[[ Dataset content, beginning ]]
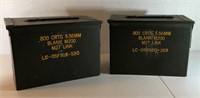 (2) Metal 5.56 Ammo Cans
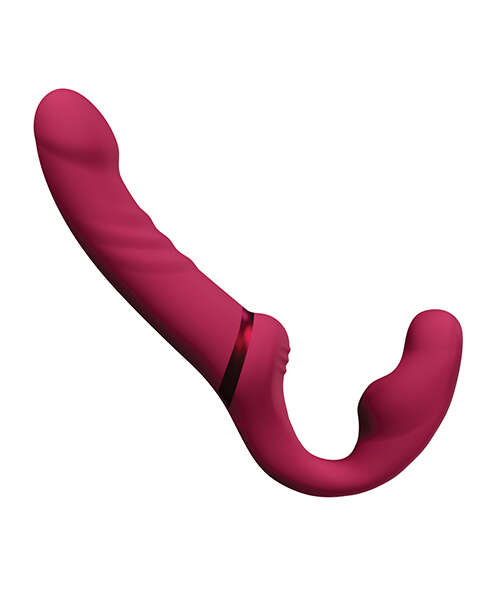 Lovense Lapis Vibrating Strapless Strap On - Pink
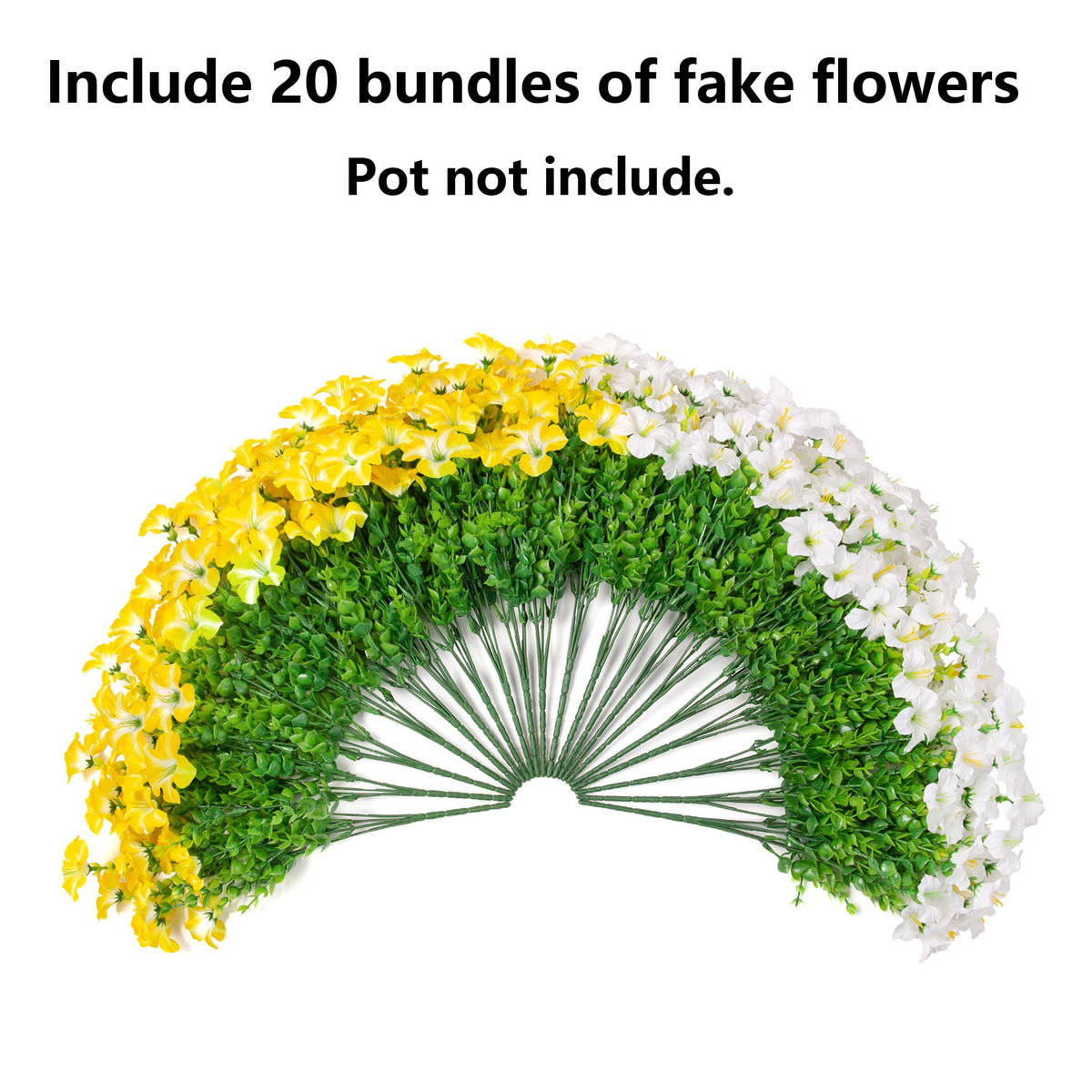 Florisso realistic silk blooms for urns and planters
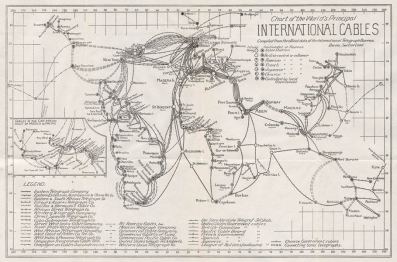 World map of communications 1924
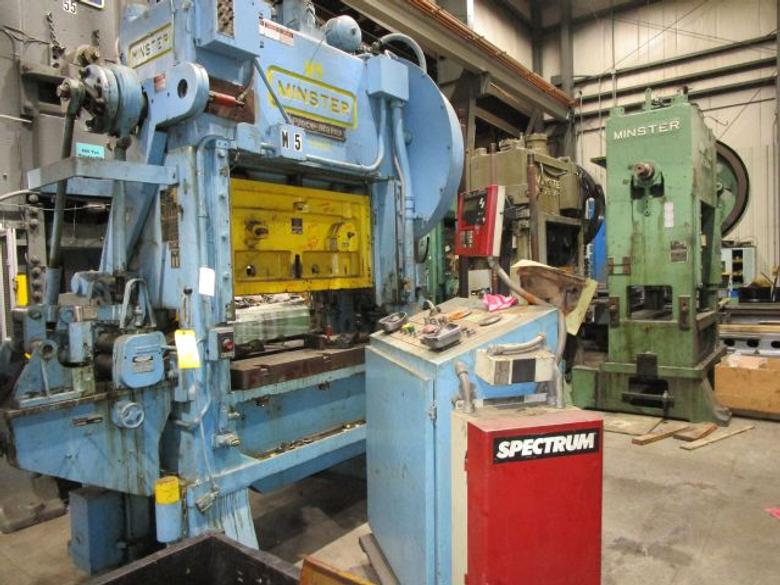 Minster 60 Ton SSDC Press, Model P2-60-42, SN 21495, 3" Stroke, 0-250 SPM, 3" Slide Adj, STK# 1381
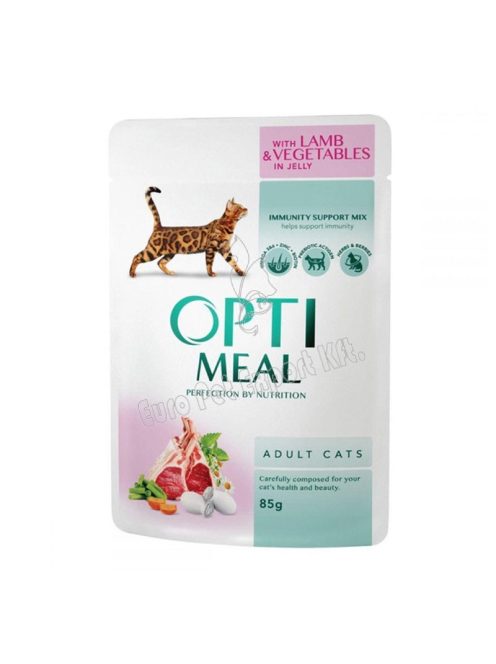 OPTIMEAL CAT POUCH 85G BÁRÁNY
[[ Dataset content, end ]]
* _Brief_
Transcribe the data exactly, minus any images.

* _Result for this exercise_
 (2) Metal 5.56 Ammo Cans
 Lovense Lapis Vibrating Strapless Strap On - Pink
 Florisso realistic silk blooms for urns and planters
 World map of communications 1924
 Minster 60 Ton SSDC Press, Model P2-60-42, SN 21495, 3" Stroke, 0-250 SPM, 3" Slide Adj, STK# 1381
 OPTIMEAL CAT POUCH 85G BÁRÁNY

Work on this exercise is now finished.